**Source material**
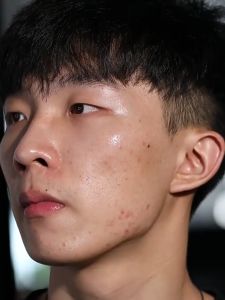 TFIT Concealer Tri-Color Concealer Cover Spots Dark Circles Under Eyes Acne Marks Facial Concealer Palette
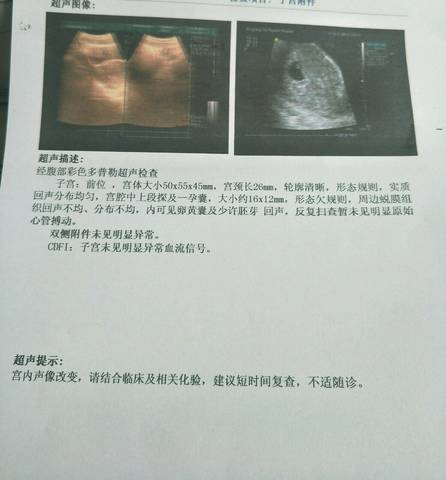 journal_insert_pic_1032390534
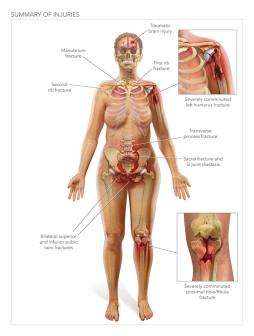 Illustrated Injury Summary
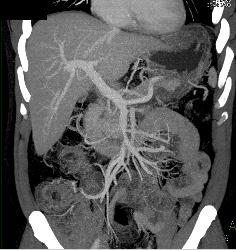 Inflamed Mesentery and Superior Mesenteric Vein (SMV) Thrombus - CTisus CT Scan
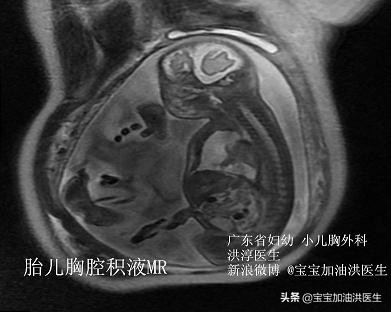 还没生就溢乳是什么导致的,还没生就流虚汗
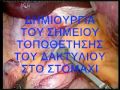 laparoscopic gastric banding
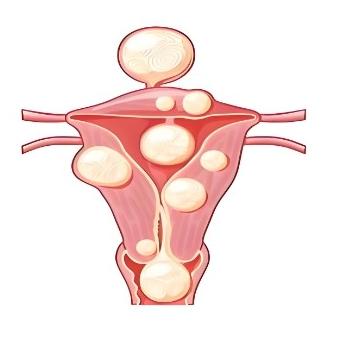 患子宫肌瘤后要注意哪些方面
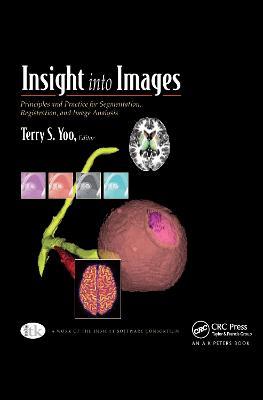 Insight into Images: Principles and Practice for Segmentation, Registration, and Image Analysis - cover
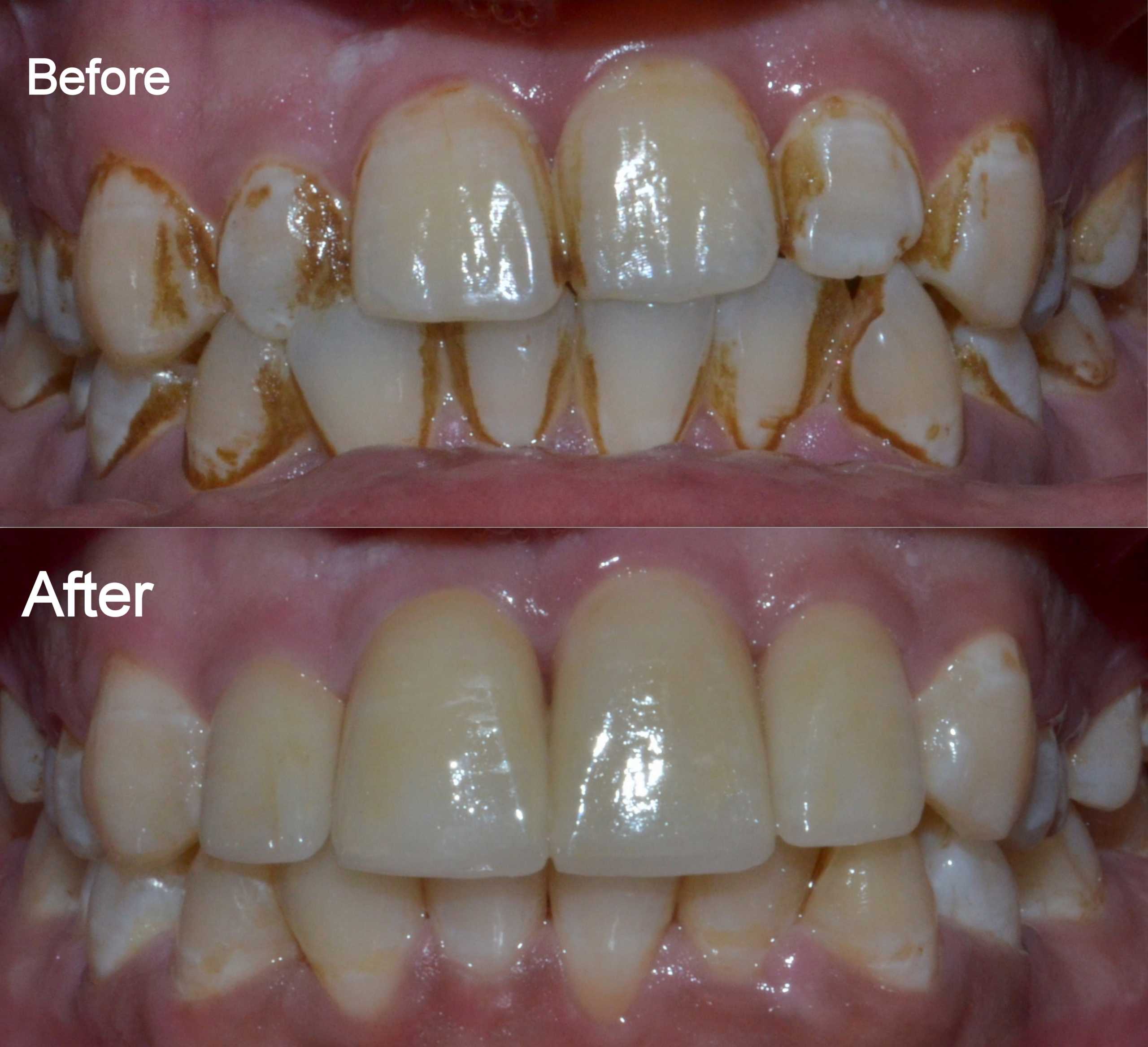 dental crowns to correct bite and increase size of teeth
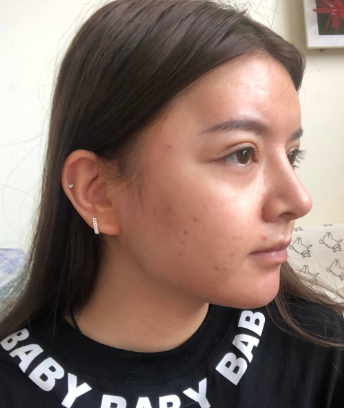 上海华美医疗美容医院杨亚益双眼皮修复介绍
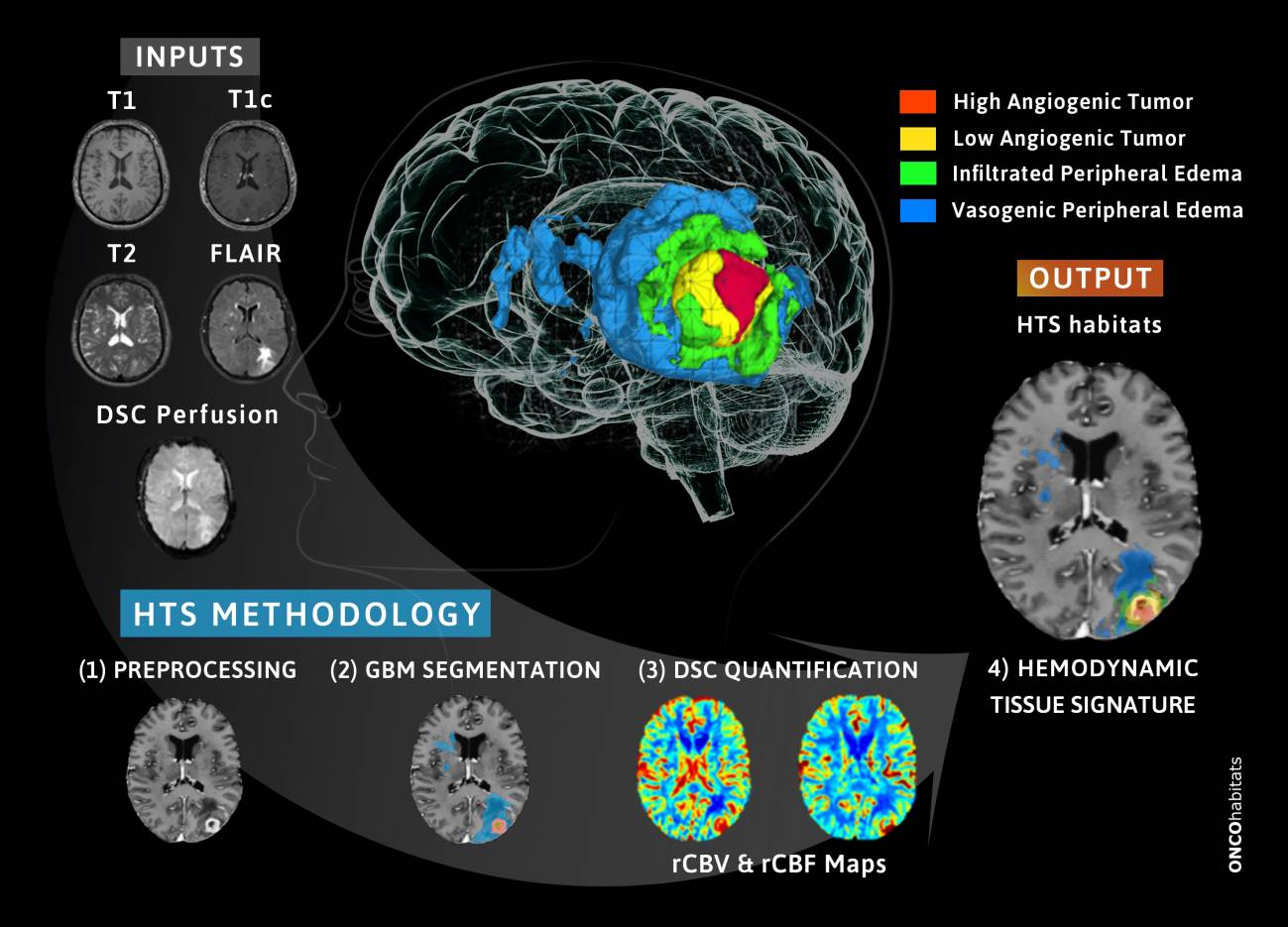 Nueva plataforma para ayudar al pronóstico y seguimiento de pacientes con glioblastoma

---

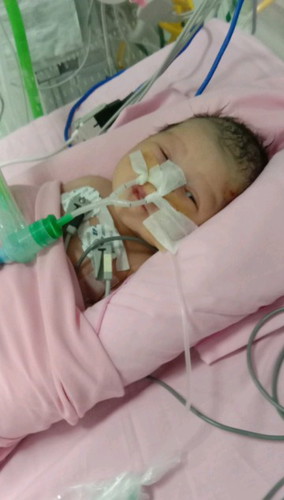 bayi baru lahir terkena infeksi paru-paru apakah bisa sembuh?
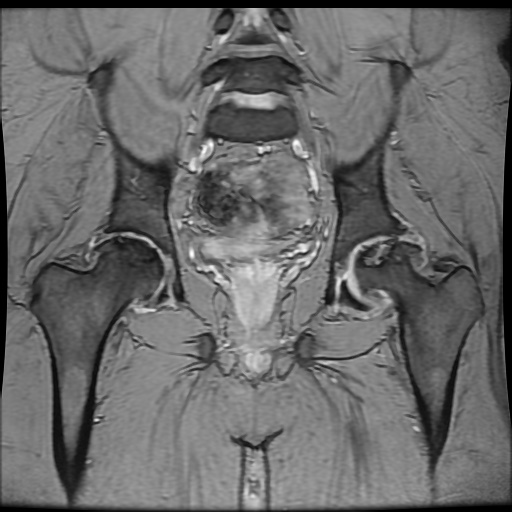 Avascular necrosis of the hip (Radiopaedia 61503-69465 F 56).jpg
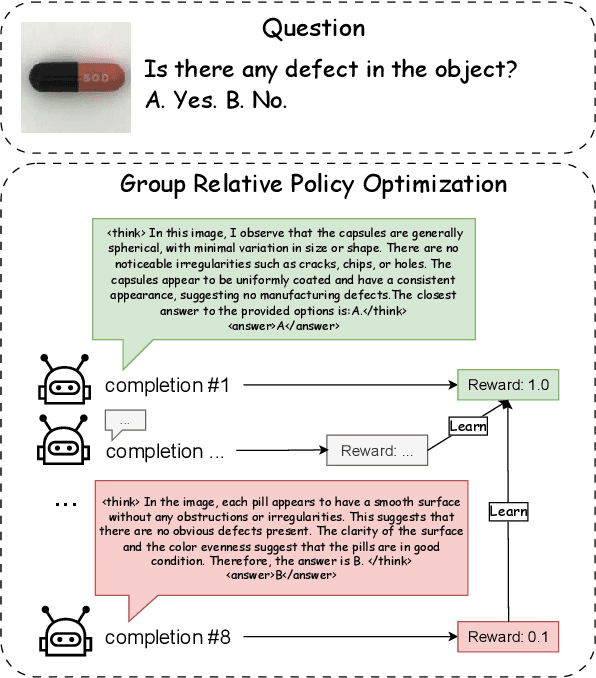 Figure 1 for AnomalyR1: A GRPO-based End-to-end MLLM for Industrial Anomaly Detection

**How to complete this task**
Output exactly the stretch of the listing that begins at the line containing "bayi baru lahir" and ends at the line containing "Figure 1 for", both kept. Omit pictures and everything else.

**Solved exercise**
 bayi baru lahir terkena infeksi paru-paru apakah bisa sembuh?
 Avascular necrosis of the hip (Radiopaedia 61503-69465 F 56).jpg
 Figure 1 for AnomalyR1: A GRPO-based End-to-end MLLM for Industrial Anomaly Detection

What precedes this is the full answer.